Wednesday, 24 April 2002

KAZAKH OPPOSITION OVERPLAYS ITS HAND, FACES REPRESSION

Published in Analytical Articles

By Alima Bissenova (4/24/2002 issue of the CACI Analyst)

BACKGROUND: Political tensions in Kazakhstan have been escalating since last November when  reform-minded officials and prominent businessmen founded a new political movement, the Democratic Choice of Kazakhstan. Several senior Kazakhstani government officials were subsequently fired including deputy Prime Minister Uraz Zhandosov and Labour Minister Alikhan Baymenov, as a result of their participation in Democratic Choice. Their sacking precipitated the current government crisis.

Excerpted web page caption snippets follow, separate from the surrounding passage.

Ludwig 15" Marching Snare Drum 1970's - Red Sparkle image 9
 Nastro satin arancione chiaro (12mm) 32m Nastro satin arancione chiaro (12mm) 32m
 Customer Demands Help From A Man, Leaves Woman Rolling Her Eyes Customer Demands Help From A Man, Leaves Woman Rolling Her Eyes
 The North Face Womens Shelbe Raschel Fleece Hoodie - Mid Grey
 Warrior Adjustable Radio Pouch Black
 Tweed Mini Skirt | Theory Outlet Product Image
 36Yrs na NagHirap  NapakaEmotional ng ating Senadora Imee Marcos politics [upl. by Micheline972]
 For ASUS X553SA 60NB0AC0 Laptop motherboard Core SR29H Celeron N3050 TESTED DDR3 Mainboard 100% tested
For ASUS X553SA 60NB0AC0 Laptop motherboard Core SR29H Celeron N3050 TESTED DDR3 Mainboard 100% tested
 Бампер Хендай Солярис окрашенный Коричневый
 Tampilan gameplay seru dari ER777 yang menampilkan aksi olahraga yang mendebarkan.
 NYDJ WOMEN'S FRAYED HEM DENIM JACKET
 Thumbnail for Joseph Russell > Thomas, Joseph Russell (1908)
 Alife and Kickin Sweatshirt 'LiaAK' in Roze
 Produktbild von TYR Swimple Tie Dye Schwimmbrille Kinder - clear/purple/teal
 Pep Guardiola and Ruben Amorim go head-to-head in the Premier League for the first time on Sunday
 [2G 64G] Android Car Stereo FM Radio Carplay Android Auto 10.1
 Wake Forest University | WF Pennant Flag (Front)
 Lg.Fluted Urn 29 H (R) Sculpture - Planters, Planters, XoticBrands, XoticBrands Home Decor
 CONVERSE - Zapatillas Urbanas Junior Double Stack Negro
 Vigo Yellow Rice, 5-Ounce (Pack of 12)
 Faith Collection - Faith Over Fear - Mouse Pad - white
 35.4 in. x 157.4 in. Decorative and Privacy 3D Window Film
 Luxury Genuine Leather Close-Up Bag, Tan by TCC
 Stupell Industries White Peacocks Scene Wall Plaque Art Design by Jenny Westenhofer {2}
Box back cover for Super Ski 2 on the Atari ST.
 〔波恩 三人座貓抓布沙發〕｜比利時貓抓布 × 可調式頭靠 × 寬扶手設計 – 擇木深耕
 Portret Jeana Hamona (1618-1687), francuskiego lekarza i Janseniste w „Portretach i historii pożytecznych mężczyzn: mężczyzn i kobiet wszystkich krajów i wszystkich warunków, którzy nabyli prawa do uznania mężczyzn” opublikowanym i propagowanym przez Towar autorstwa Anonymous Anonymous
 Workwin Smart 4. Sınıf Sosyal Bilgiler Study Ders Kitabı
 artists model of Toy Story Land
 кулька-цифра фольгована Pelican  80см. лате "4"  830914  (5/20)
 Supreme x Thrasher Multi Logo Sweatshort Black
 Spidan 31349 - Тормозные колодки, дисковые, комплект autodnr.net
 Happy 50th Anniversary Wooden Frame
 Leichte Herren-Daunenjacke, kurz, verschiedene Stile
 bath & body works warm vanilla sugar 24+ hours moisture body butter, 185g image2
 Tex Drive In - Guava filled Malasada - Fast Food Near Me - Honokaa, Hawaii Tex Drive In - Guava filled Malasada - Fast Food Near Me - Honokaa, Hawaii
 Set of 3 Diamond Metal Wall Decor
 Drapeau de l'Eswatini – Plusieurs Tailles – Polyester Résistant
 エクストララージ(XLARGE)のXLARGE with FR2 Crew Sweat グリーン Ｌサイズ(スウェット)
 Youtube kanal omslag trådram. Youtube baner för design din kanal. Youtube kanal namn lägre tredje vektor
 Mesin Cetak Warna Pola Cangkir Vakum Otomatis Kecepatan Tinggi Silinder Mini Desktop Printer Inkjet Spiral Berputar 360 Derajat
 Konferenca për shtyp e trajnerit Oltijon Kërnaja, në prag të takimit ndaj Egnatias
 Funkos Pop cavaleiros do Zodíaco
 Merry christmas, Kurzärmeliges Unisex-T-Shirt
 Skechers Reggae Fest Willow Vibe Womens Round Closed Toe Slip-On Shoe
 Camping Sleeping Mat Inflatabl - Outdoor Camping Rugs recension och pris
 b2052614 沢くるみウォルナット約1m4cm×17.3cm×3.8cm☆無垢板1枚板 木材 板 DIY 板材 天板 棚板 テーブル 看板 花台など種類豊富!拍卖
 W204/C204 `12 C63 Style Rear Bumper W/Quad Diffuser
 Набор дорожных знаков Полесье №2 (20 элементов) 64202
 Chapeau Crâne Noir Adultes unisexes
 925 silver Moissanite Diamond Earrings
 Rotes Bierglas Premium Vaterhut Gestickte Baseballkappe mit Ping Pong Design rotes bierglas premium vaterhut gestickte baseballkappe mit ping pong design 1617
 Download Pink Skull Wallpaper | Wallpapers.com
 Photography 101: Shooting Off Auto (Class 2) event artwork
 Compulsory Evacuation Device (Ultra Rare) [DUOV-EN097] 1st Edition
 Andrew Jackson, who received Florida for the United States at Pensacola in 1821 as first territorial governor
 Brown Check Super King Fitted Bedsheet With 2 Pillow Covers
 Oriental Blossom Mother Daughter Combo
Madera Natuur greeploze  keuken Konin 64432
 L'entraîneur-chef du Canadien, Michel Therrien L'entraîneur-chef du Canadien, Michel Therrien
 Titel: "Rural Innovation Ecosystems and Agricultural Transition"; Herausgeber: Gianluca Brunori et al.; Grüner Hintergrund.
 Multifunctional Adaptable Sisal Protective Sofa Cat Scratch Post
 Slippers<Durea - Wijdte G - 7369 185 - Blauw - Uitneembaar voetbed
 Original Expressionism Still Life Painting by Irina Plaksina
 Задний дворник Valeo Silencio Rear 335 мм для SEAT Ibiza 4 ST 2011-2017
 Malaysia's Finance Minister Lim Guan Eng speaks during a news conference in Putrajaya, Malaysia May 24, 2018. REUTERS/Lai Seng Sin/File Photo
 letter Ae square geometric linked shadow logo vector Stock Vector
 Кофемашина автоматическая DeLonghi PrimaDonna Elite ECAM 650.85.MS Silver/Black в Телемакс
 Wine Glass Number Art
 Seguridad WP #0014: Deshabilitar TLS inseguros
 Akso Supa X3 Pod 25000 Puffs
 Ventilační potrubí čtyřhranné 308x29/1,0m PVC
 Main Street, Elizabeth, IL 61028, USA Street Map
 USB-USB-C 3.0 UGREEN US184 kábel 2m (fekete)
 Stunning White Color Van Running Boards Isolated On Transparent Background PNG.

BACKGROUND: Political tensions in Kazakhstan have been escalating since last November when  reform-minded officials and prominent businessmen founded a new political movement, the Democratic Choice of Kazakhstan. Several senior Kazakhstani government officials were subsequently fired including deputy Prime Minister Uraz Zhandosov and Labour Minister Alikhan Baymenov, as a result of their participation in Democratic Choice. Their sacking precipitated the current government crisis. Growing economic prosperity in Kazakhstan was a major factor in creation of the DCK and its pressuring Nazarbayev to open up the political system. The founding of DCK seemed to prove the old rule that those who have accumulated wealth also seek a share of political power, as many prominent business leaders also embraced the movement.  Among them were the chairmen of the three major Kazakh banks: Nurzhan Subkhanberdin, Chairman of the Kazkommertzbank conglomerate, Muhtar Ablyazov, chairman of the Temirbank, and Yerzhan Tatishev, Chairman of the TuranAlembank.  Stating that the political reforms are dragging behind the economic transition, DCK leaders advocated judicial and electoral reforms, the direct election of local government, and freedom of the press. The emergence of the new party heated up the political atmosphere in the country and also revitalized the activity of older oppositional parties, three of which—the National Congress, Azamat, and former Prime Minister Akezhan Kazhegeldin’s Republican Party—announced their merger into the United Democratic Party (UDP). The party has formulated a detailed program, “Kazakhstan without Nazarbayev,” the goal of which is the establishment of a parliamentary form of government. A coalition between oppositional forces became feasible when all parties joined with the DCK to stage a large political rally in Almaty on January 19. The rally was broadcast live by a local television channel, TAN, and for five hours Almaty citizens could see unprecedented and extensive criticism of government policy and Nazarbayev personally.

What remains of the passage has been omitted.